Re: My ideas about infinity in Scheme (revised)
Alex Shinn 22 May 2005 11:46 UTC
On 5/22/05, Aubrey Jaffer <xxxxxx@alum.mit.edu> wrote:
>
> | Even if this SRFI won't specify exact infinity, it should not use
> | the "syntax of numerical constants" 1/0 and -1/0, but +inf.0 and
> | -inf.0 instead, so that a latter SRFI can use 1/0 and -1/0 as exact
> | infinity.
>
> In hundreds of years of using rational numbers, mathematicians have
> not discovered 1/0 to be a useful extension to the rational numbers.

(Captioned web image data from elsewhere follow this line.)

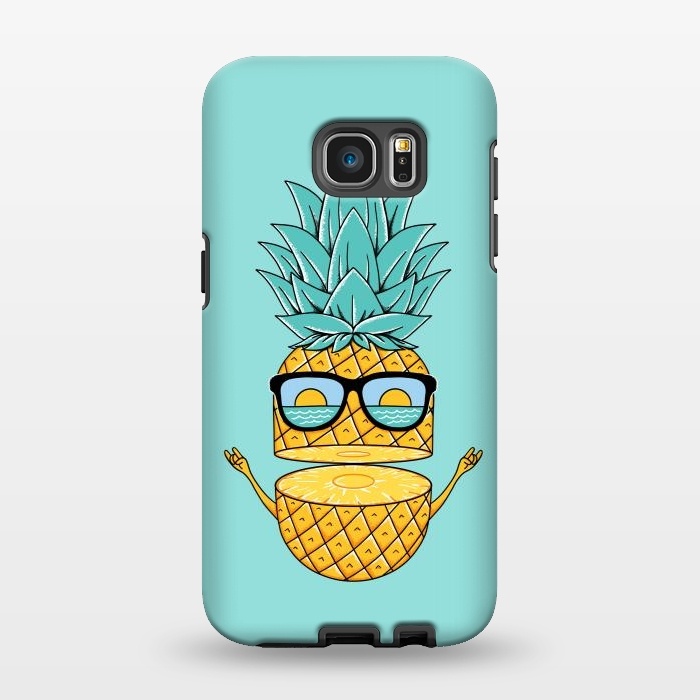 Galaxy S7 EDGE StrongFit Pineapple Sunglasses by Coffee Man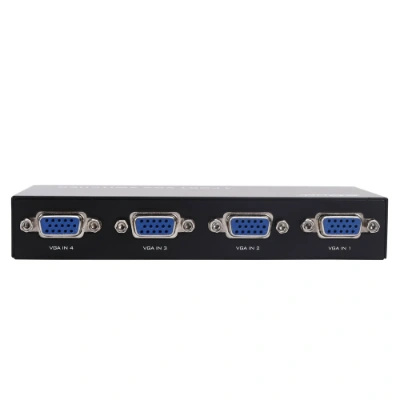 AD-VS-441 4 Port VGA Switch for PC, TV & Monitor – 1920x1440 Resolution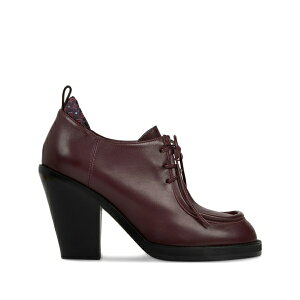 �G�g�� ���f�B�[�X �p���v�X �V���[�Y 75mm lace-up texan-heel pumps Red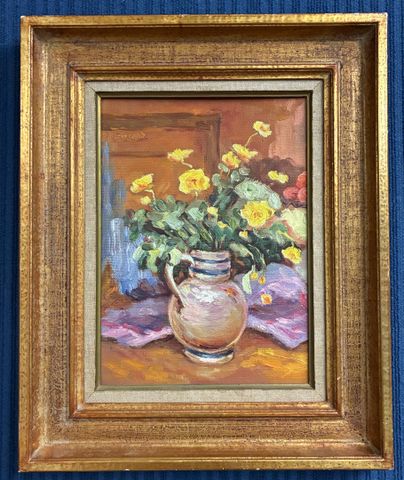 Lucien FERRAND (1914-2013) « Fleurs dans la cruche ». Huile sur i...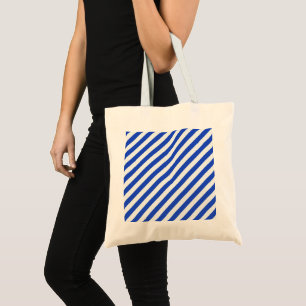 Bolsa Tote Royal Blue Combination Stripes por Shirley Taylor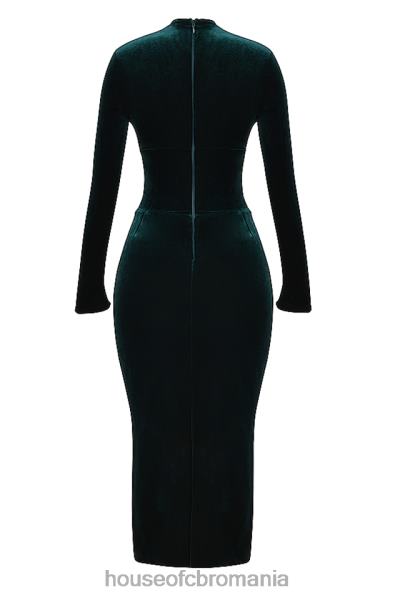 îmbrăcăminte House of CB rochie corset din catifea arabella forest X4F68339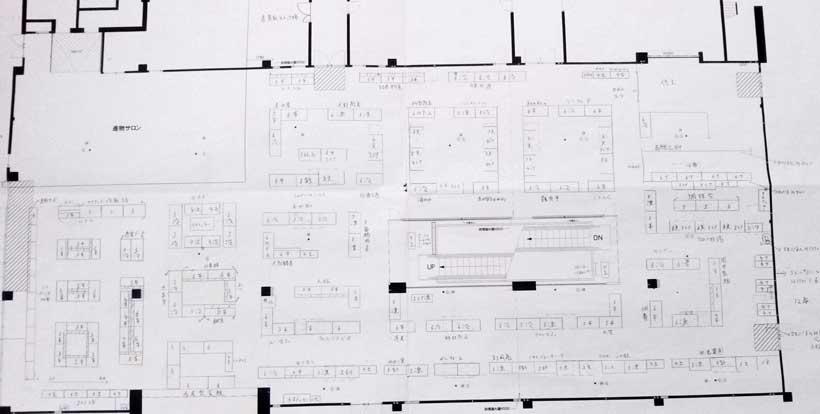 京阪百貨店 催事会場図面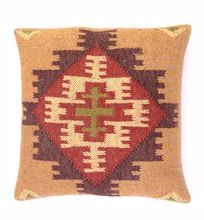 Jute cushions cover, Size : 18x18 Inch (45x45cm)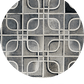 EYES – Geometric Cowhide Rug with Curved Motif
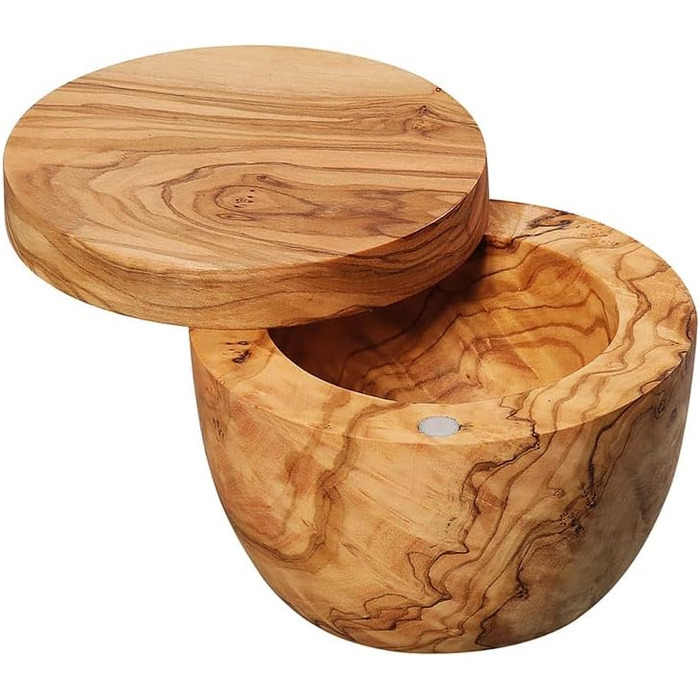 Горщик для солі/спецій-4006528058574 Горщик для солі/спецій, дерево, 9,5 см, 4006528058574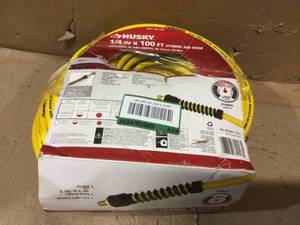 lot 44 image: 14 in. x 100 ft. Hybrid Air Hose by Husky &nbspCustomer Returns See Pictures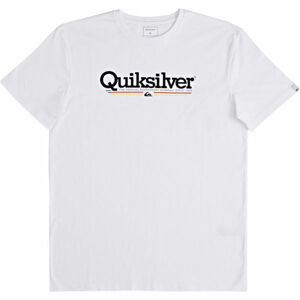 Quiksilver TROPICAL LINES SS biela S - Pánske tričko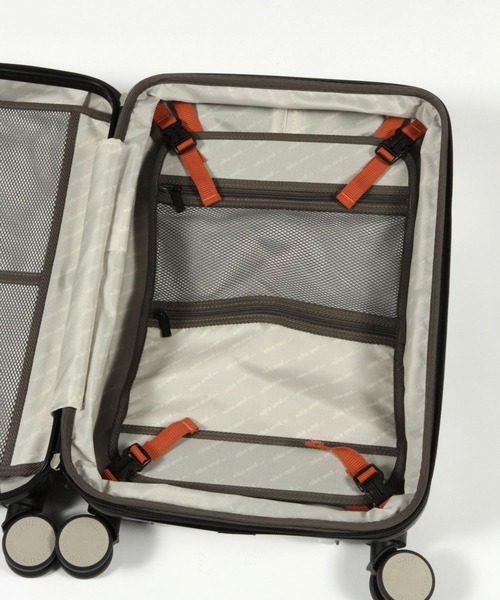 niko and...(ニコアンド)の「オリジナルニコロゴキャリーケースM/容量55-62L(その他雑貨・レディース・ブラック/オフホワイト/ライトイエロー・0)」の18枚目の写真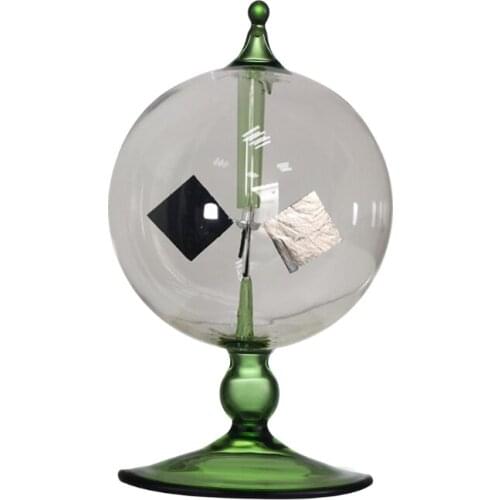 Glass Windmill Solar Crookes Radiometer Handmade Party Home Decoration Gift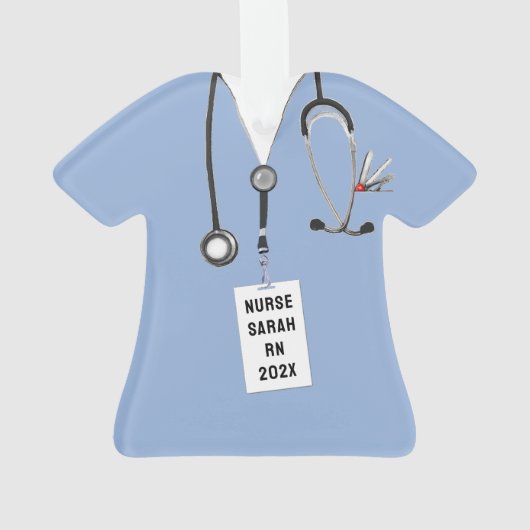 Afstudeerder verpleegschool ornament (achterkant)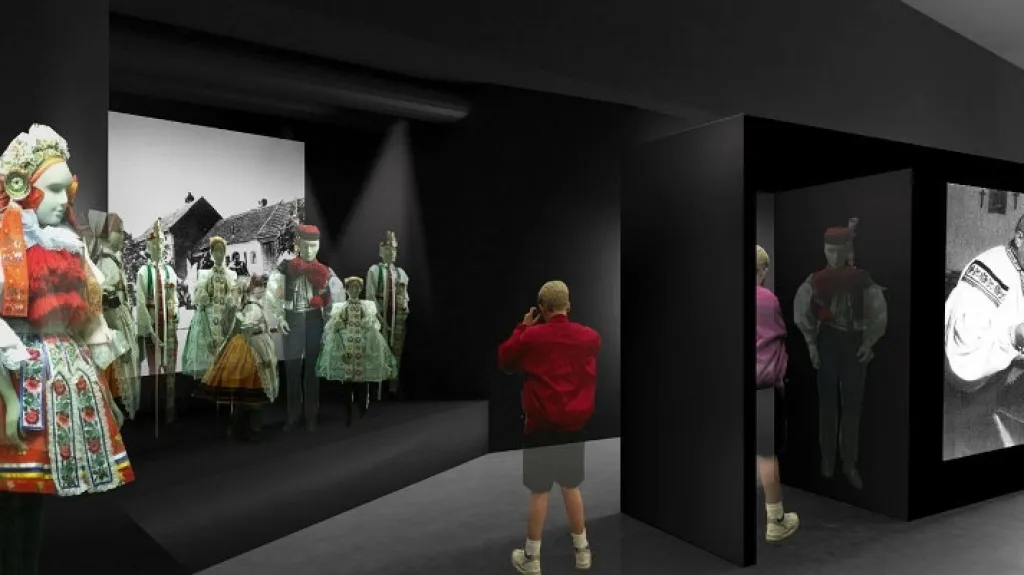 Vizualizace nové expozice Slováckého muzea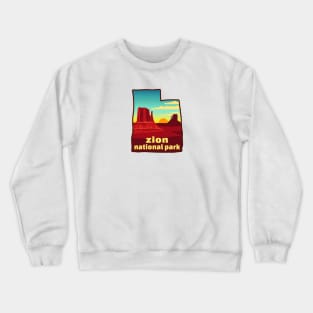 Zion National Park Utah Crewneck Sweatshirt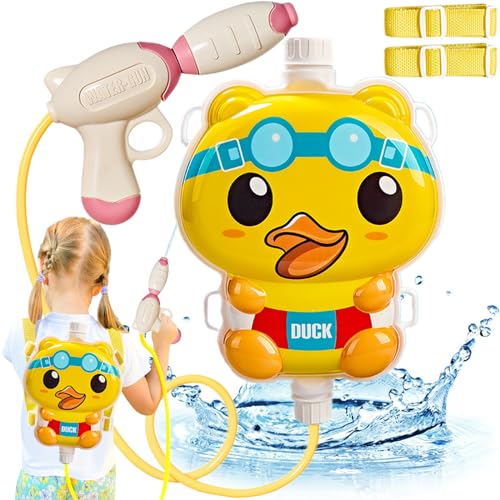 Yueser Wasserpistole, 1.2L Kinder Wasserpistole mit Tankrucksack Wasserspritzpistole Spritzpistole Wasserpistolen Klein ...
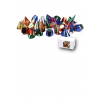 Mini cappellino metallizzato multicolor, fantasie assortite, confezione da 100 pezzi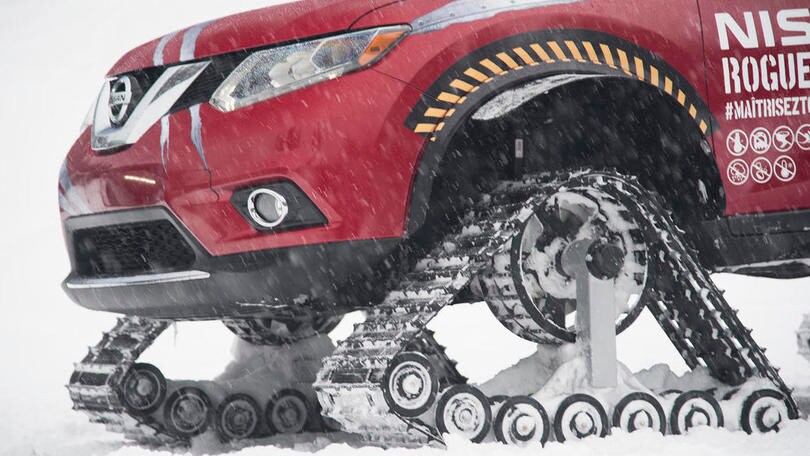 Nissan Rogue Warrior, il SUV delle nevi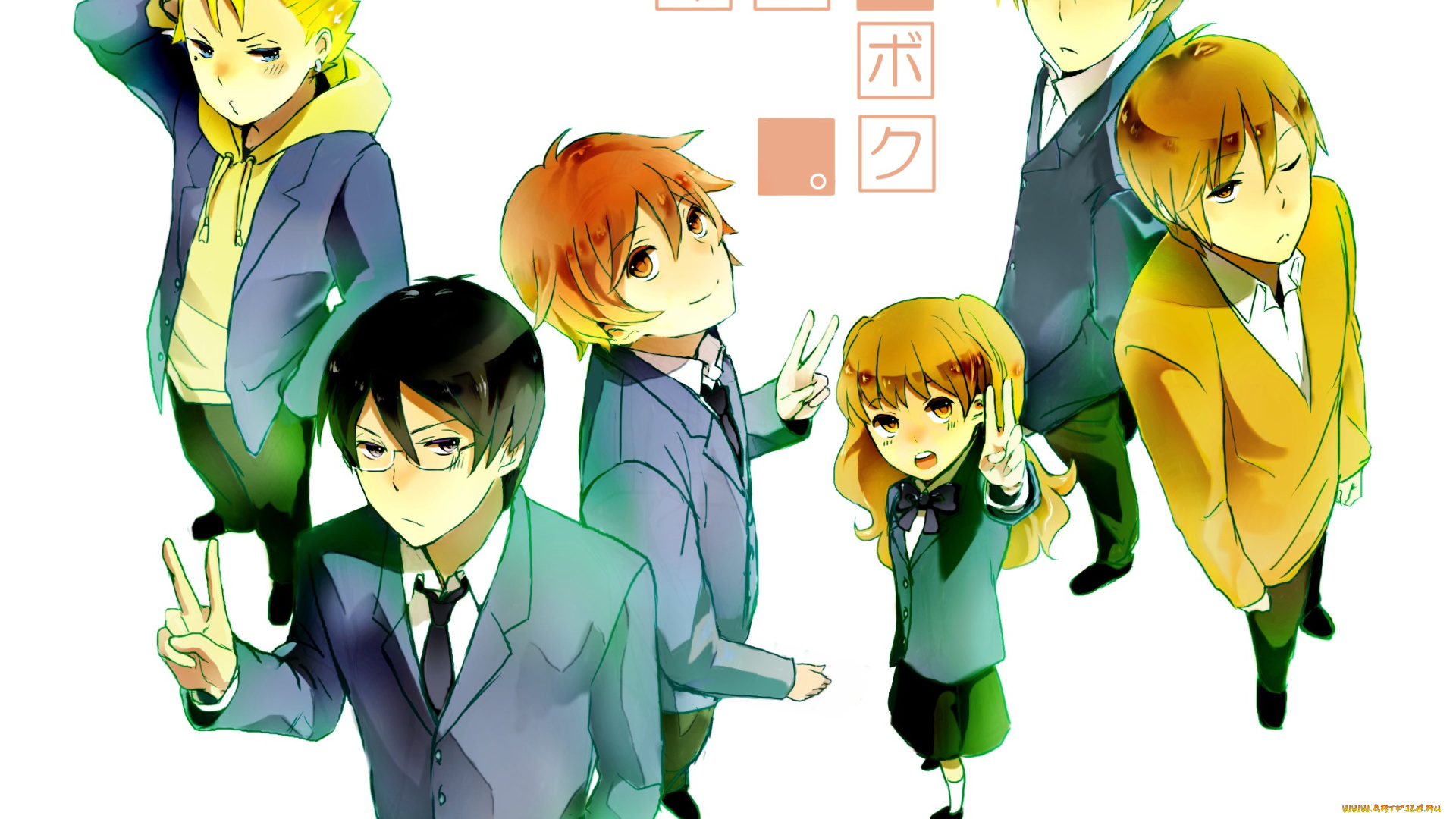 аниме, kimi, to, boku, парни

Well, mathematically 1/0 isn't real or complex either, as it doesn't
obey the properties of a field and breaks the fundamental theorem of
algebra.
Nonetheless it's a useful concept, particularly in limited computer
mathematics, and has precedent in other languages. The lack of
precedent in rational infinity is likely due to the lack of rationals
in other languages. I see no particular reason why real infinity
should be any more or less useful than rational infinity.
However, there are efficiency concerns, and many Schemes will want to
implement infinity implicitly in terms of hardware IEEE floats. This
is an argument for making infinities only inexact reals, though then
you'd also be implicitly moving 0/0 into the reals.
> While the number syntax of R5RS can be readily extended to include
> +inf.0, -inf.0 (because of the leading sign). "nan.0" runs afoul of
> R5RS 2.1 Identifiers:
I've seen "+nan.0" used. Personally I prefer "0/0".